A few months ago former World Bank lead economist, Branko Milanovic, released a new book titled Global Inequality. His work has taken the economics profession by storm since. One chart in particular, dubbed by some as the elephant graph, because, well, it looks like an elephant, tells a fascinating story. Branko has a new, very accessible article out today over on VoxEU. I am using that article and chart for this edition of the Graph of the Week.
What the elephant graph shows is “cumulative real income growth between 1988 and 2008 at various percentiles of the global income distribution.” While that’s a mouthful, these economic and income trends in recent decades are important. As discussed below, the elephant graph is also very relevant to our office’s recent work on prime working age Oregon men and women, including some more to come next week.

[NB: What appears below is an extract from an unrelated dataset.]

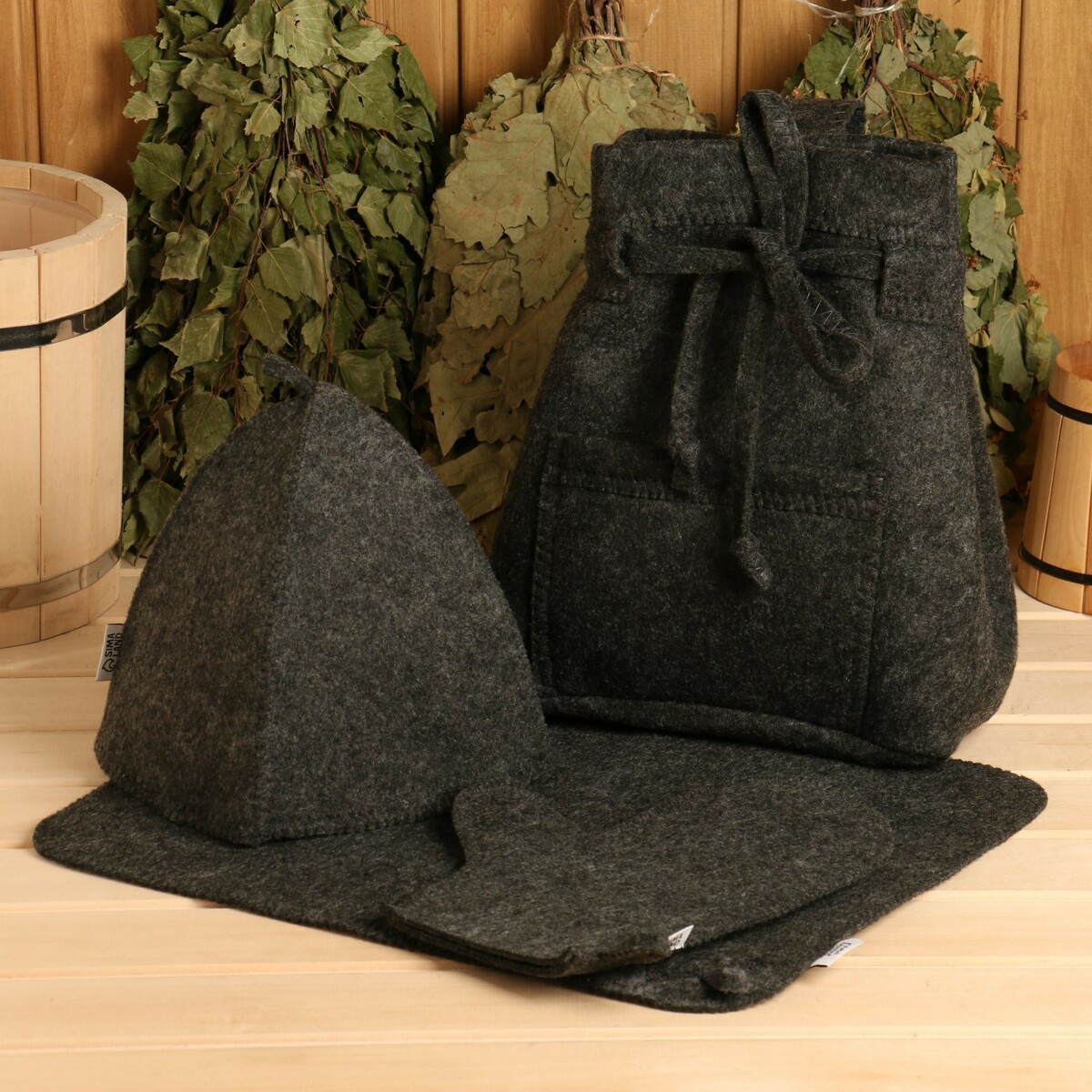 Набор банный в рюкзаке, 4 предмета (рюкзак, коврик, шапка, варежка) без вышивки банный коврик из стружки можжевельника с душицей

Branko labels 3 points (A,B,C) which are of particular importance:
The results show large real income gains made by the people around the global median (point A) and by those who are part of the global top 1% (point C). It also shows an absence of real income growth for the people around the 80-85th percentile of the global distribution (point B).
Branko goes on to explain which populations are at points A, B and C. “Nine out of ten people around the global median [point A] are from Asian countries, mostly from China and India. These gains are not surprising, given that Chinese and Indian GDP per capita has increased by 5.6 and 2.3 times, respectively, over the period… Such dramatic changes in relative income positions, over a rather short time period, have not occurred since the Industrial Revolution two centuries ago.”
Point C consists of the global top 1%, which is “overwhelmingly people from the advanced economies – one half of the people in that group are Americans…”
Point B has been getting the most attention because it shows, effectively, no income growth in recent decades. And the fact that “Seven out of ten people at that point are from the ‘old rich’ OECD countries. They belong to the lower halves of their countries’ income distributions, for in effect the rich countries’ income distributions start only around the 70th percentile of the global income distribution.”
This gets at the overall stagnating median household income figures seen in the U.S. and here in Oregon too. It also gets at the lower inflation-adjusted wages for prime working age adults without a college degree, job polarization and the like. Again, I will have a bit more on this next week from an Oregon perspective.
What Branko’s elephant graph clearly shows is how these trends compare to the global changes seen in recent decades. In his article today, and in various book reviews you can find online, the discussion broadens to talk about inequality and the impact of globalization and the like, in addition to some political ramifications of these trends. However, for today I just wanted to highlight this new important work and how it helps place some trends we’re seeing in the U.S. and here in Oregon in a global perspective.